* _Work task_: In the data below, find the line containing "Deixe a sabedoria", then set down that line and every later line up to and including the line containing "Immunohistochemistry - Anti-Glutamate", exactly.

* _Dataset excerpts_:

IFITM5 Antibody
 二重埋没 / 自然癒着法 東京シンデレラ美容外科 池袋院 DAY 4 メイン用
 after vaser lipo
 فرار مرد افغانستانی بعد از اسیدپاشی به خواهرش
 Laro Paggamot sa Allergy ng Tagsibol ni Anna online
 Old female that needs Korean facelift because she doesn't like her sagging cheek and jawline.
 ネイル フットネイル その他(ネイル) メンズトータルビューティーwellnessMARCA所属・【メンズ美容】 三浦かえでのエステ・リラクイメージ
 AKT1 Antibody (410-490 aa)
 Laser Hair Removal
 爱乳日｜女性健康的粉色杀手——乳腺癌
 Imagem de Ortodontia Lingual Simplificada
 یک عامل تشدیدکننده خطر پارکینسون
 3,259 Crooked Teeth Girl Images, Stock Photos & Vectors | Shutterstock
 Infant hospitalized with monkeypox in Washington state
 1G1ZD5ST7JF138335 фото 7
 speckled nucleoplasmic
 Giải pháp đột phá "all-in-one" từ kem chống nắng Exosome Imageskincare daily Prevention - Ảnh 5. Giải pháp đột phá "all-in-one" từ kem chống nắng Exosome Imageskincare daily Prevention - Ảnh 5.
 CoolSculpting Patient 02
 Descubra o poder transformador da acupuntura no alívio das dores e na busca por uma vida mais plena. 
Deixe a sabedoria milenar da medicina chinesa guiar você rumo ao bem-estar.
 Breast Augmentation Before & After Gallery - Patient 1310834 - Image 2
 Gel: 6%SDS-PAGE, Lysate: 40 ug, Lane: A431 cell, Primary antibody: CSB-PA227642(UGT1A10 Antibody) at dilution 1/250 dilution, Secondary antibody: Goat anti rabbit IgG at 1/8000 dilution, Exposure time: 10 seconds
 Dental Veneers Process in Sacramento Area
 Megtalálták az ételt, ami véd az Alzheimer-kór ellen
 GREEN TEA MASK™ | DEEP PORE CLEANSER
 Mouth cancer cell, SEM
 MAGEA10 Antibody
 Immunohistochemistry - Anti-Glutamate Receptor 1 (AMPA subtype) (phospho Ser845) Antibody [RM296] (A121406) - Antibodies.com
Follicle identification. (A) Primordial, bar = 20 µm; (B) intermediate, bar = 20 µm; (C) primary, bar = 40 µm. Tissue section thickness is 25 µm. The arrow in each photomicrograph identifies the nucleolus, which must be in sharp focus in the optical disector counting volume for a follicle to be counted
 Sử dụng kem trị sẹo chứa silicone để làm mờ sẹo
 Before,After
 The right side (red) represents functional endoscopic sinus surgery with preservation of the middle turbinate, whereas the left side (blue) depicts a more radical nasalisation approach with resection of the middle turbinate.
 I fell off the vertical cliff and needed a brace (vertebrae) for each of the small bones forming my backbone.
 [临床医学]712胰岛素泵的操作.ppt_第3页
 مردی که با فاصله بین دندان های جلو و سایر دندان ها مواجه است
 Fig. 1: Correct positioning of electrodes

* _Reply to the exercise_:
Deixe a sabedoria milenar da medicina chinesa guiar você rumo ao bem-estar.
 Breast Augmentation Before & After Gallery - Patient 1310834 - Image 2
 Gel: 6%SDS-PAGE, Lysate: 40 ug, Lane: A431 cell, Primary antibody: CSB-PA227642(UGT1A10 Antibody) at dilution 1/250 dilution, Secondary antibody: Goat anti rabbit IgG at 1/8000 dilution, Exposure time: 10 seconds
 Dental Veneers Process in Sacramento Area
 Megtalálták az ételt, ami véd az Alzheimer-kór ellen
 GREEN TEA MASK™ | DEEP PORE CLEANSER
 Mouth cancer cell, SEM
 MAGEA10 Antibody
 Immunohistochemistry - Anti-Glutamate Receptor 1 (AMPA subtype) (phospho Ser845) Antibody [RM296] (A121406) - Antibodies.com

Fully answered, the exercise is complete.